People take part in the 16th Existrans, a parade to fight for the rights of transsexual and transgender people on Oct. 20, 2012 in Paris. A banner reads "Identity papers if I want, when I want." (Francois Guillot/AFP/Getty Images)

LONDON — To many Europeans, the Trump administration's decision to restrict some transgender Americans from using bathrooms that match their gender identities was yet another indication that the is United States turning away from liberal values.

Transgender people's rights have become a more pressing concern for European activists and lawmakers in recent years. But compared with the outrage the current U.S. debate has received, the continent appears to care little about rights violations in Europe that activists consider similarly severe.

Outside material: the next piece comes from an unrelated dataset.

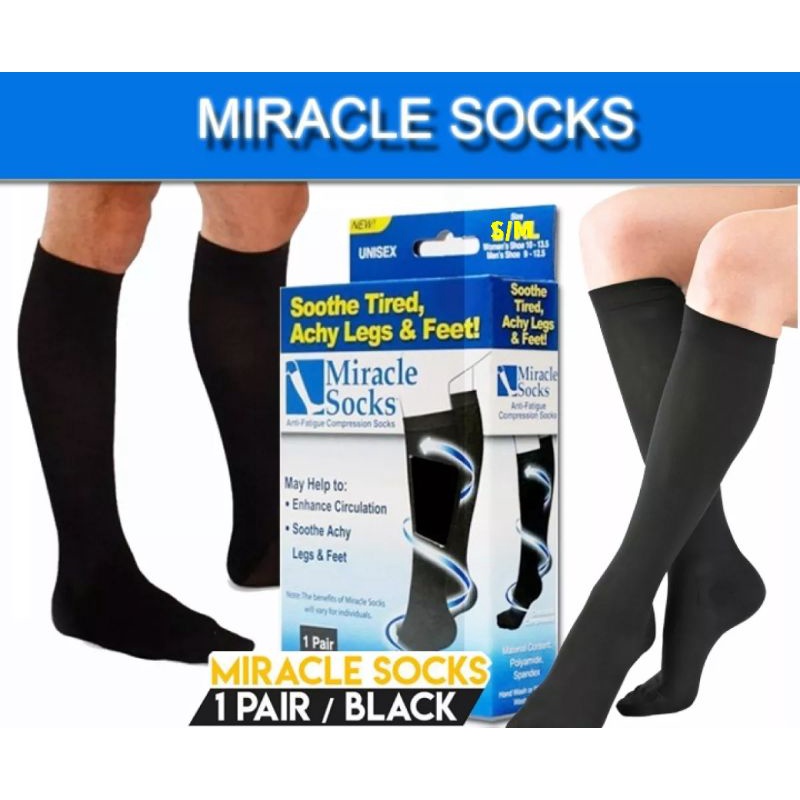 Miracle Socks Antifatigue Compression Socks | Shopee Philippines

What worries activists and human rights advocates here is legislation in many European countries that forces individuals to undergo sterilization to be officially recognized as transgender. While transgender people are not forced to choose sterilization — and some do not — those who don't have their preferred genders legally recognized face an array of problems.

"Legal gender recognition is also an essential element of other fundamental rights," Human Rights Watch wrote in its annual report for 2016, "including the right to privacy, the right to freedom of expression, the right to be free from arbitrary arrest, and rights related to employment, education, health, security, access to justice, and the ability to move freely."

Those affected are also forced to explain to airport personnel, bank employees and others why their physical appearance does not match their official gender. The resulting embarrassment, human rights campaigners argue, may stop many people who identify as transgender but do not want to be forced into sterilization from coming out.

Transgender people are also required to be diagnosed with "gender dysphoria" in several European countries before being able to officially change their gender identity — another practice that has been harshly condemned. The World Health Organization listed "gender dysphoria" as a mental illness until last year, when the term was dropped.

Human rights group Transgender Europe (TGEU) has been leading efforts to fight the rules, which were in place in at least 17 European countries as of last year. Eleven of those countries are members of the European Union: Belgium, Finland, Latvia, Lithuania, the Czech Republic, Slovakia, Slovenia, Romania, Bulgaria, Croatia and Greece.

TGEU communications officer Mina Tolu said the group is optimistic that things are changing for the better, as some countries have recently softened their stance on the issue. France dropped its rule requiring sterilization last year, following Norway, Ireland and other nations. "Slowly but surely there is a shift towards self-determination and the removal of discriminatory requirements to access a change of documents like birth certificates, identity cards or passports," Tolu said.

The Swedish government went further when it announced last April that it would pay compensation to transgender people who were forced to undergo sterilization before the law was dropped in 2013. "No other country has yet taken that up," Tolu said.

But despite growing criticism, supporters of strict gender-change laws say that sterilization remains necessary to make sure individuals seeking to change their gender are serious about their plans.

It's an argument that is unlikely to last much longer, transgender rights advocates argue. Nearly all countries where lawmakers have recently taken a closer look at existing legislation opted to overrule it. The problem, they say, is a lack of public debate in the nations where such laws persist.